[Raw data]

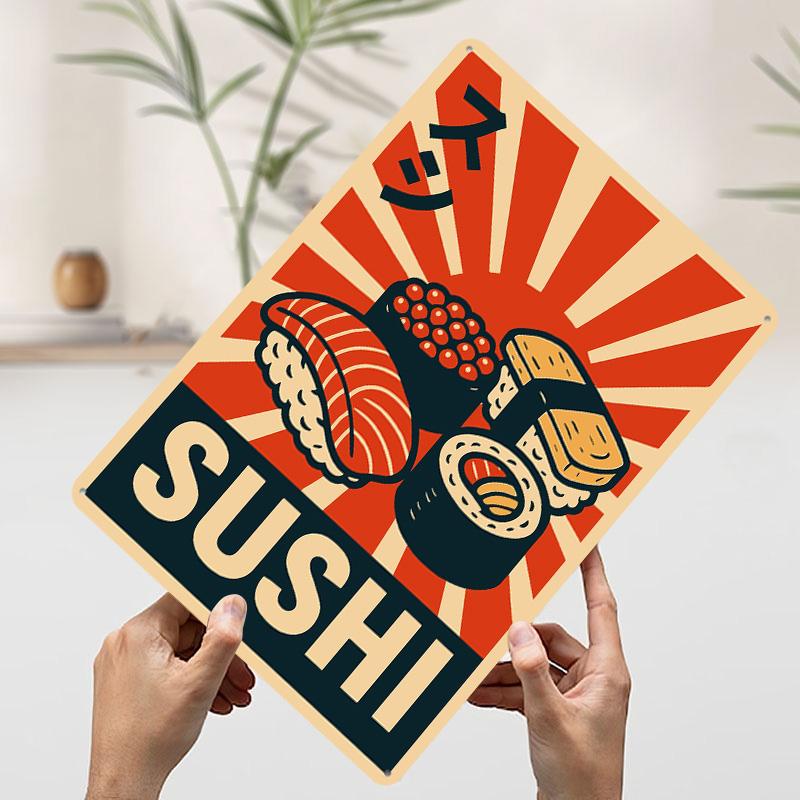 Sushi Japanese Food Tinplate Poster Custom Wall Art Vintage Metal Signs Retro Tin Plaque for Office Decor Room Decoration Gaming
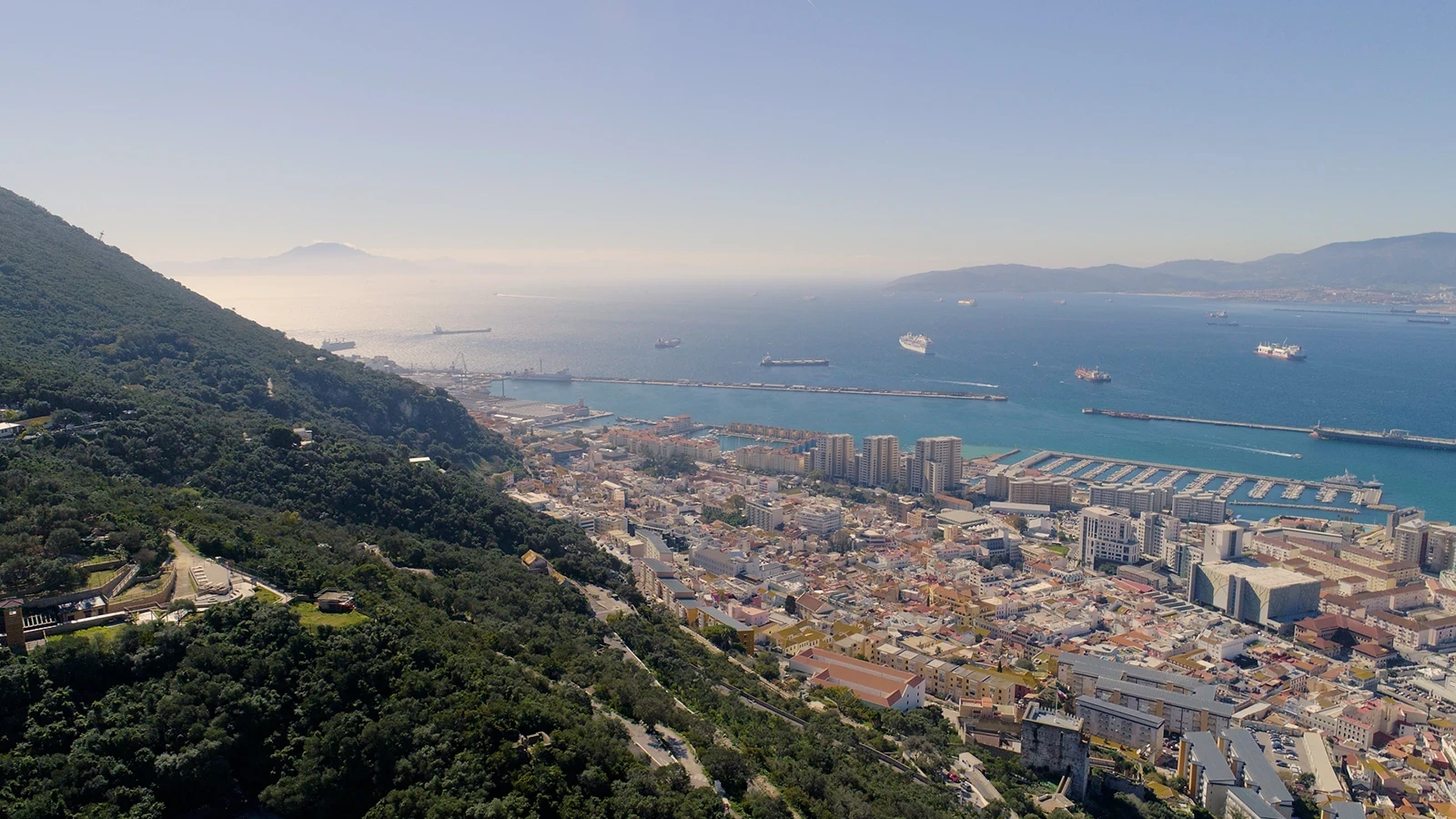 Image of Gibraltar Drone Rock View & Town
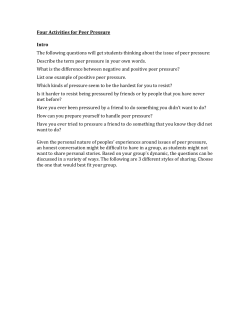Four Activities for Peer Pressure Intro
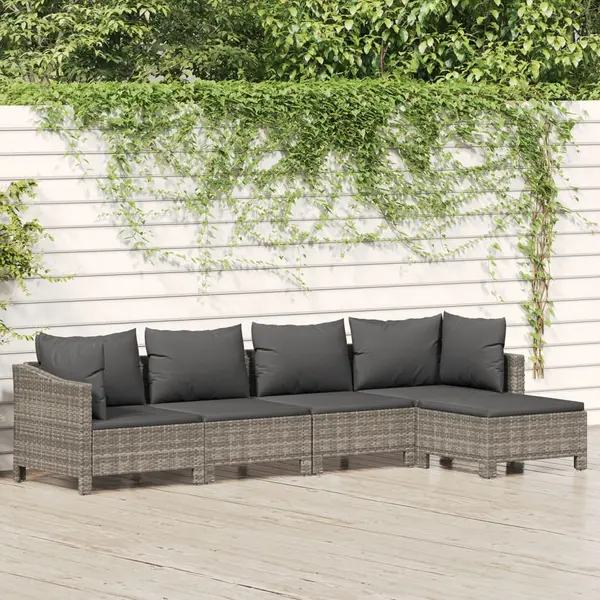 Gossi set mobilier de gradina cu perne, 5 piese, gri, poliratan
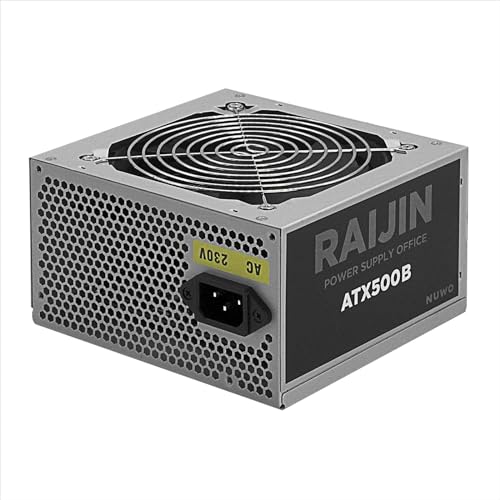 Nuwo Raijin Atx-500B Alimentatore Atx Per Pc 250W, Ventola 12Cm, Connettori 1 X 20/4Pin, 1 X 12V 4+4Pin, 3 X Sata, 1 X Molex, Bulk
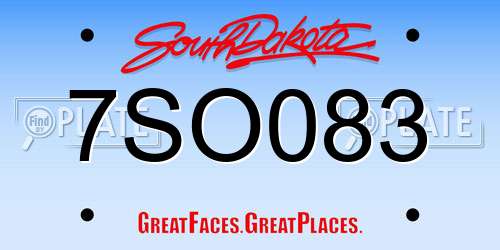 7SO083 South Dakota License Plate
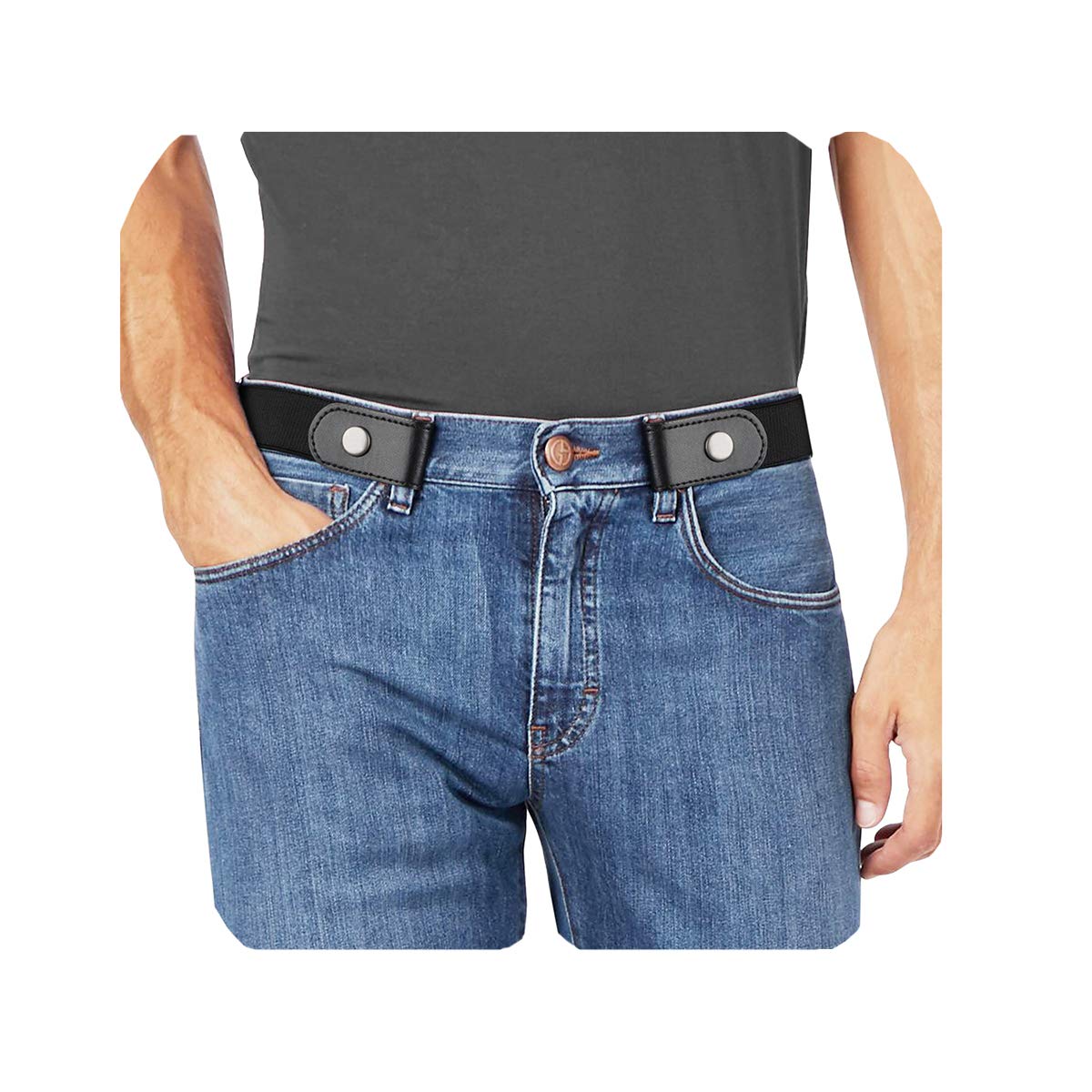 No Buckle Stretch No Show Belt for Men 1.38 inches Wide, Buckless Invisible Elastic Belt for Jeans Pants by WHIPPY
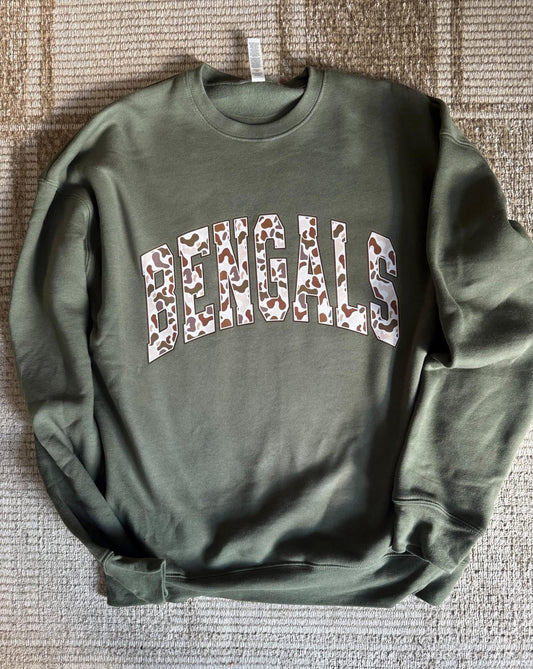 CINCINNATI BENGALS CAMO CREWNECK-*Unisex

[/Raw data]

# The problem:
Reproduce every record above word for word. Leave the pictures out.

# Reply:
 Sushi Japanese Food Tinplate Poster Custom Wall Art Vintage Metal Signs Retro Tin Plaque for Office Decor Room Decoration Gaming
 Image of Gibraltar Drone Rock View & Town
Four Activities for Peer Pressure Intro
 Gossi set mobilier de gradina cu perne, 5 piese, gri, poliratan
 Nuwo Raijin Atx-500B Alimentatore Atx Per Pc 250W, Ventola 12Cm, Connettori 1 X 20/4Pin, 1 X 12V 4+4Pin, 3 X Sata, 1 X Molex, Bulk
 7SO083 South Dakota License Plate
 No Buckle Stretch No Show Belt for Men 1.38 inches Wide, Buckless Invisible Elastic Belt for Jeans Pants by WHIPPY
 CINCINNATI BENGALS CAMO CREWNECK-*Unisex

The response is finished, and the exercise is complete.